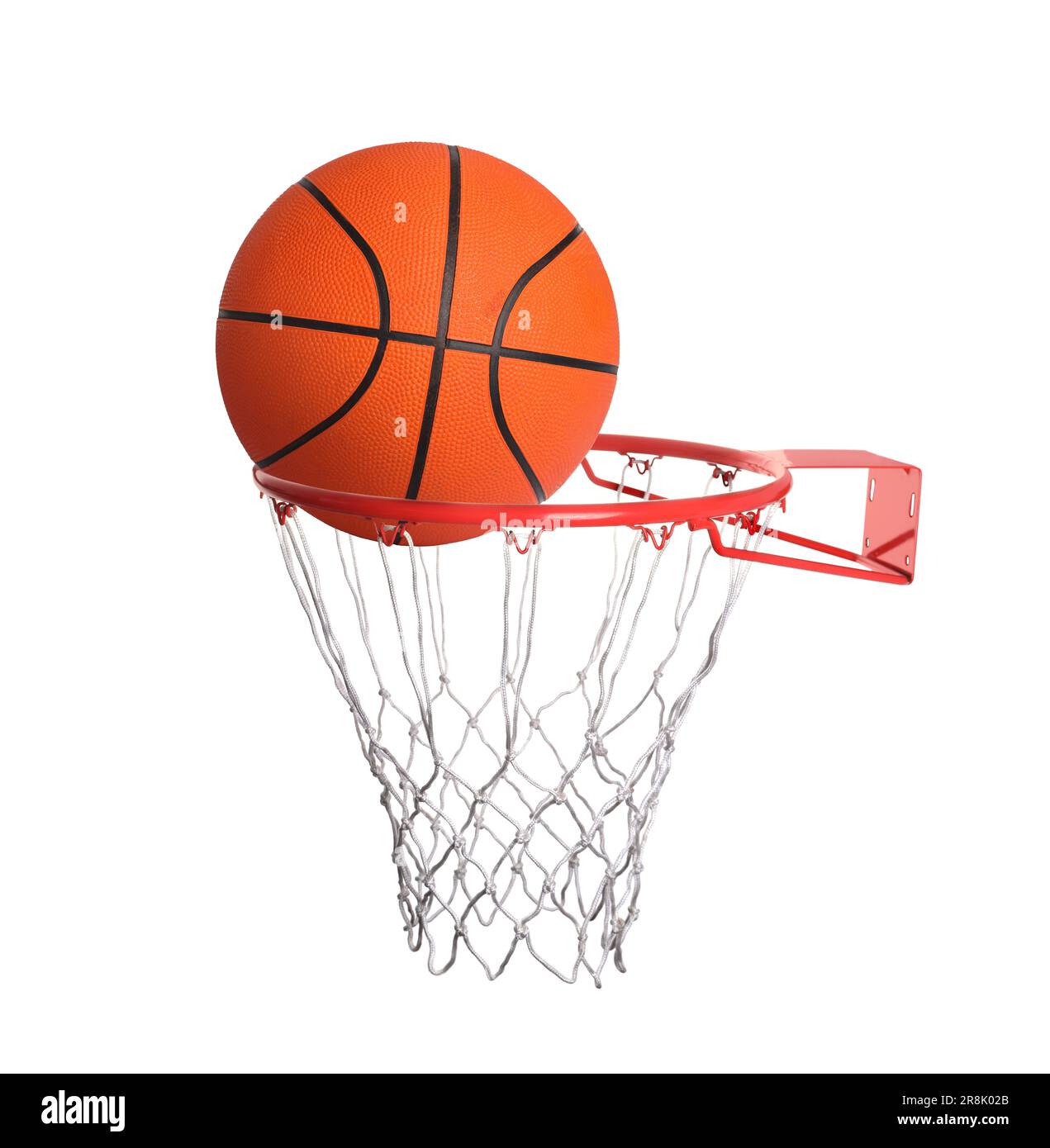 Basketball ball falling into hoop with net isolated on white Stock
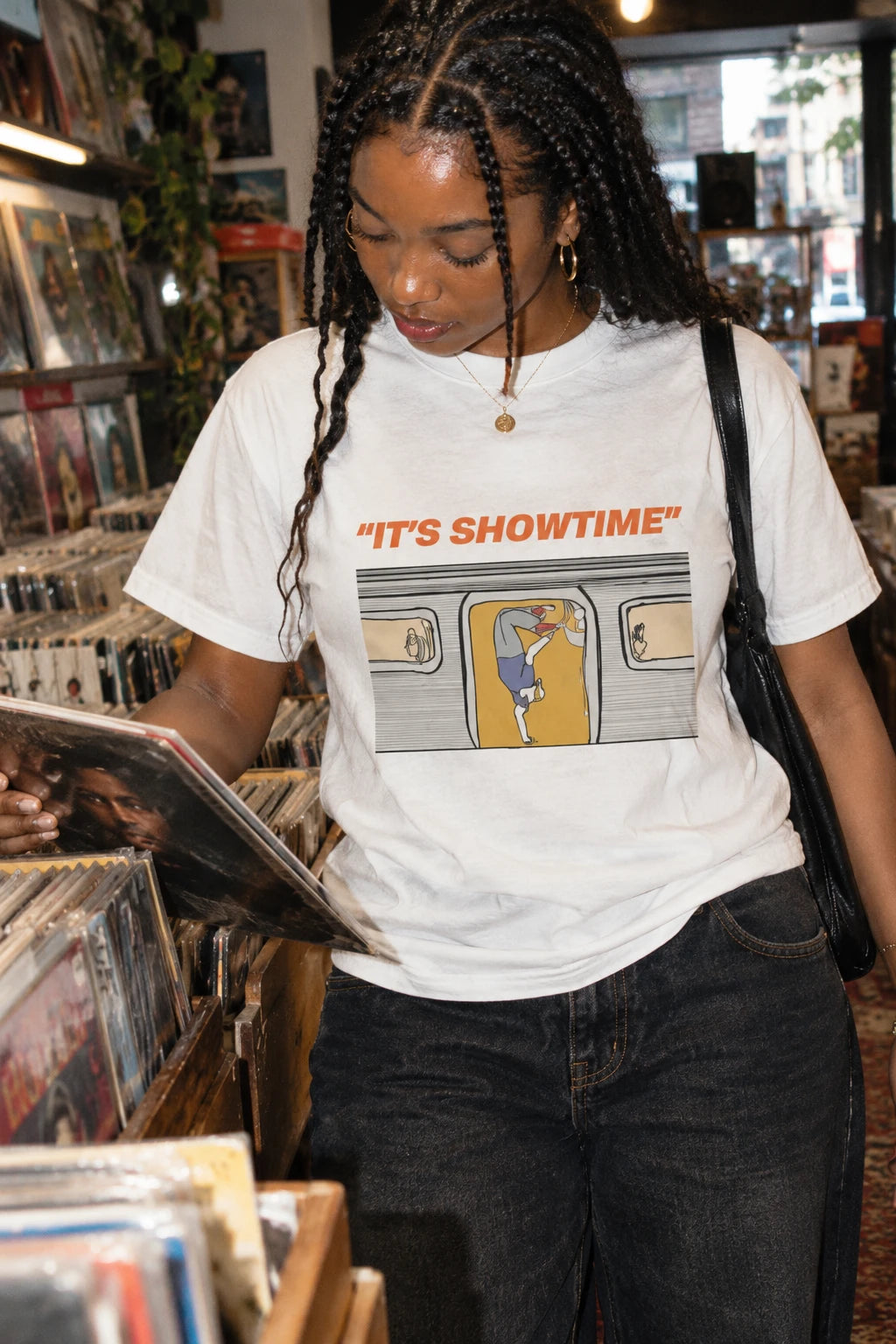 Woman browsing records while wearing a white It’s Showtime T-shirt with a subway dancer illustration.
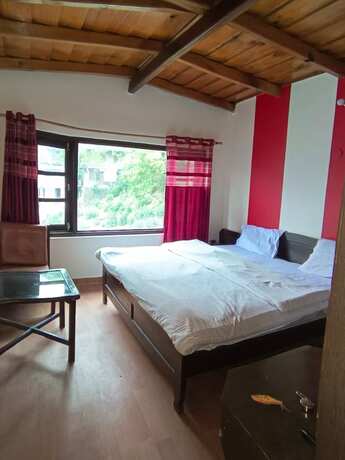 Imagen de la habitación del Hotel Goroomgo. Foto 14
━━━━━━━━━━━━━━━━━━━━━━━━━━━━━━
■ WHAT TO PRODUCE
Repeat the lines above exactly, and keep every picture out.

■ SOLUTION TO THIS PROBLEM
 Basketball ball falling into hoop with net isolated on white Stock
 Woman browsing records while wearing a white It’s Showtime T-shirt with a subway dancer illustration.
 Imagen de la habitación del Hotel Goroomgo. Foto 14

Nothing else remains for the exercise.